Machine code on sparc64 was not working... maybe on x86 it should work...
By the way in general I allways disable that because of security problems that it can give us.
But you are free to enable it if you like :)
/Xavier
On Wed, Feb 08, 2006 at 11:14:28AM +0100, Xavier Beaudouin wrote:
By the way in general I allways disable that because of security problems that it can give us.
what security problems does machinecode give?
this is the first time i hear that claim.
to my understanding the ability to produce machine code is an essential part of what makes pike as fast as it is. ideally it should be supported on all platforms.
greetings, martin.
On Thu, 9 Feb 2006 19:33:37 +0100 Martin B_hr mbaehr@email.archlab.tuwien.ac.at wrote:
On Wed, Feb 08, 2006 at 11:14:28AM +0100, Xavier Beaudouin wrote:
By the way in general I allways disable that because of security problems that it can give us.
what security problems does machinecode give?
this is the first time i hear that claim.

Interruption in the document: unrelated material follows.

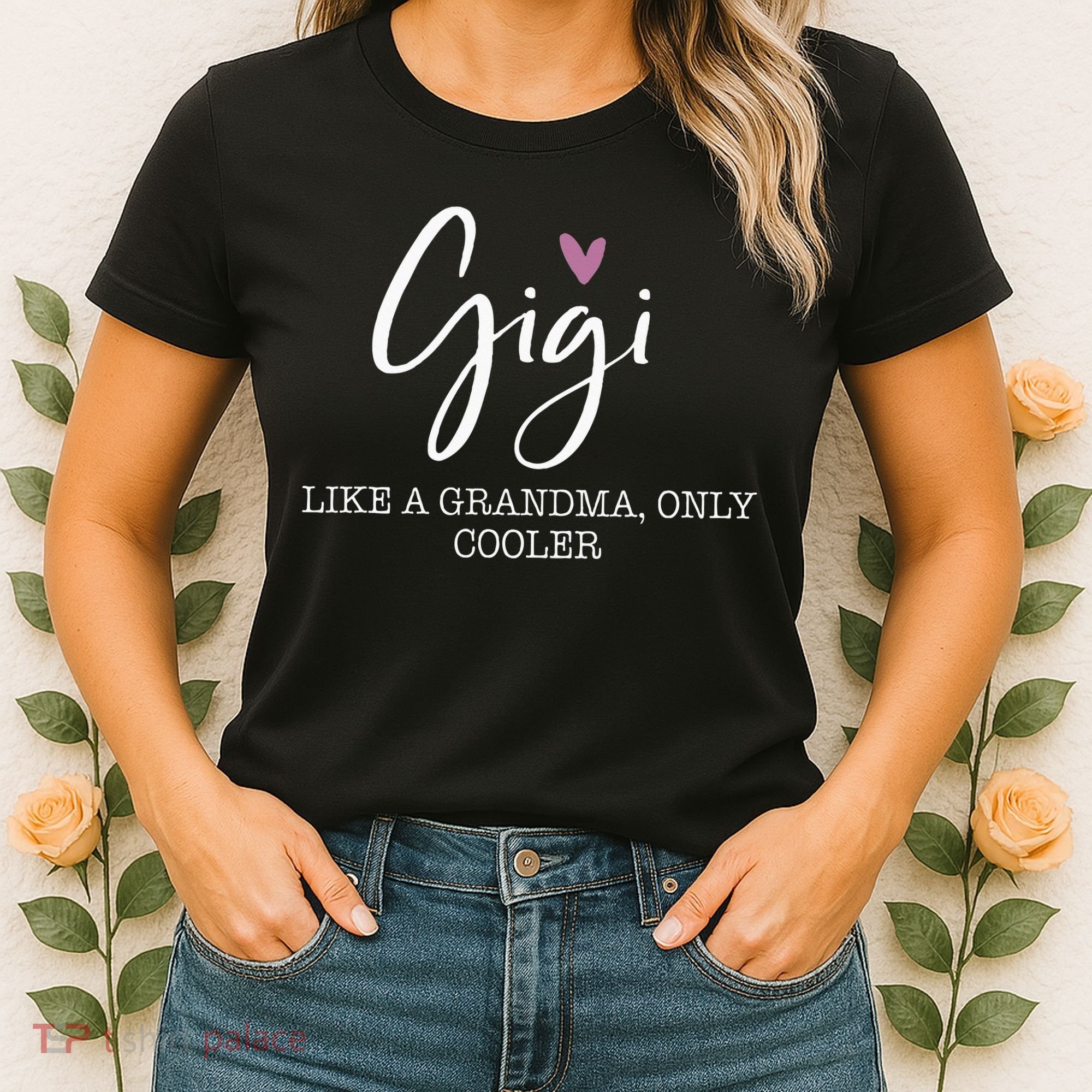 Gigi Like A Grandma Only Cooler Heart MotherS Day Gigi Women's T-Shirt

to my understanding the ability to produce machine code is an essential part of what makes pike as fast as it is. ideally it should be supported on all platforms.
greetings, martin.
Speaking of which, I don't see any performance difference with machine code enabled or disabled. I tried testing some of my pike code, as well as pike -x benchmark. What exactly is enabling machine code supposed to affect, and how can I verify if its actually enabled or not?
Adam
Normally Pike compiles Pike source code into a binary format which is then interpreted by the Pike VM. If possible Pike instead generates machine code which is intepreted directly by the CPU.

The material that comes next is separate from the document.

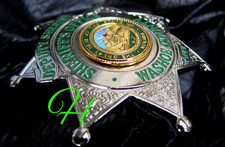 Obsolete police badge p - police,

On Mon, 13 Feb 2006 15:30:16 +0000 (UTC) "Martin Nilsson (Opera Mini - AFK!) @ Pike (-) developers forum" 10353@lyskom.lysator.liu.se wrote:
Normally Pike compiles Pike source code into a binary format which is then interpreted by the Pike VM. If possible Pike instead generates machine code which is intepreted directly by the CPU.
After taking some more time to run pike -x benchmark a few times and average the results, it does look like using machine code is faster (except the compiling test, which maybe makes sense).
Given that it is faster, and that it works fine on the most common arch at least (i386), shouldn't it be enabled by default, and only disabled on arch+OS combos that are known to have actual problems?